用意された毒入りの餌を食べて犬生を終えたとされていたライカですが、本当は高熱とストレスにより軌道に乗ってから5時間後には死亡していたらしいということが、2002年になってから明らかになったのです。

ライカの果たした役割とその後の宇宙開発

ライカを皮切りに、多くの動物たちが宇宙に送り出されました。これらの動物が提供した情報は、”宇宙空間で動物が生命活動を維持できる”という可能性を見出しました。

その後、1960年に旧ソ連が打ち上げた「スプートニク5号」には、ベルカとストレルカという2頭の犬が搭乗し、地球を17周した後に帰還しました。さらにその翌年の4月には、犬ではなく人間が搭乗し世界初の宇宙飛行士が誕生しました。これが、「地球は青かった」という言葉を残したユーリ・ガガーリンです。

『犬の日』には空を見上げて想いを馳せる



64年前の夢は今現実に

宇宙で生物が、その生命活動を維持し無事に地球に帰ってくる。64年前には夢だったであろう事が、当たり前になり、民間人でさえ宇宙旅行を楽しめる時代がもう直ぐそこにきています。

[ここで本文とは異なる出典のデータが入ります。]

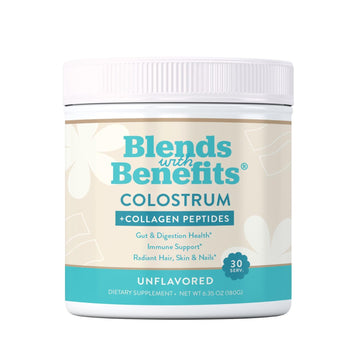 360 Nutrition Blends with Benefits Bovine Colostrum + Collagen Peptides Powder for Gut Health, Hair & Skin Beauty, Immune Support | Grass-Fed, No Added Sugar, Unflavored 6 oz 360 NutritionAu supplements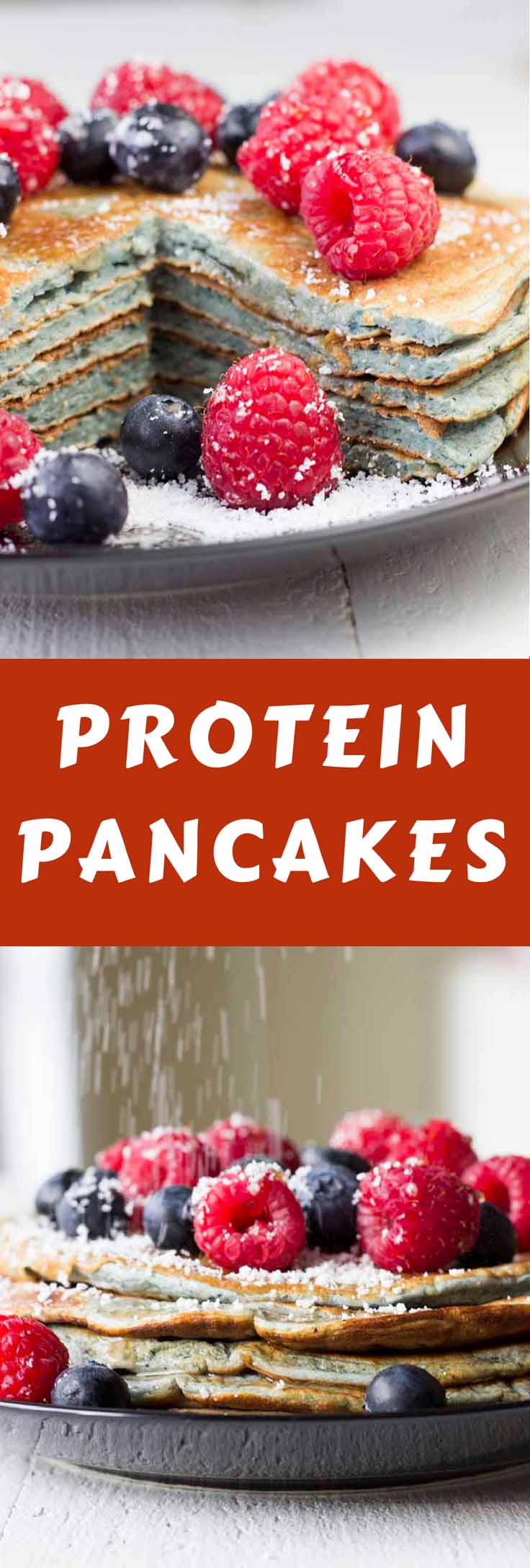 Easy Protein Pancakes! Sugar-free and healthy. Just oats, egg whites, blueberries, baking powder, protein powder, and Stevia. #pancakes #breakfast #diabeticrecipes #lowcarb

そうした進歩の影には、人間の相棒として未知の世界に飛び出て行った犬たちの存在がありました。もちろん自ら志願したわけではありません。「スプートニク2号」に乗り、星となった”ライカ”もその中の一頭です。

犬の日にライカを想う

11月1日は『犬の日』です。自分の相棒である愛犬をもっと可愛がることはもちろん、人間の相棒として64年前の11月3日に宇宙へと飛び立ち、人類に貴重な情報を提供してくれた”ライカ”に想いを馳せる。そんな日にするのも良いかもしれません。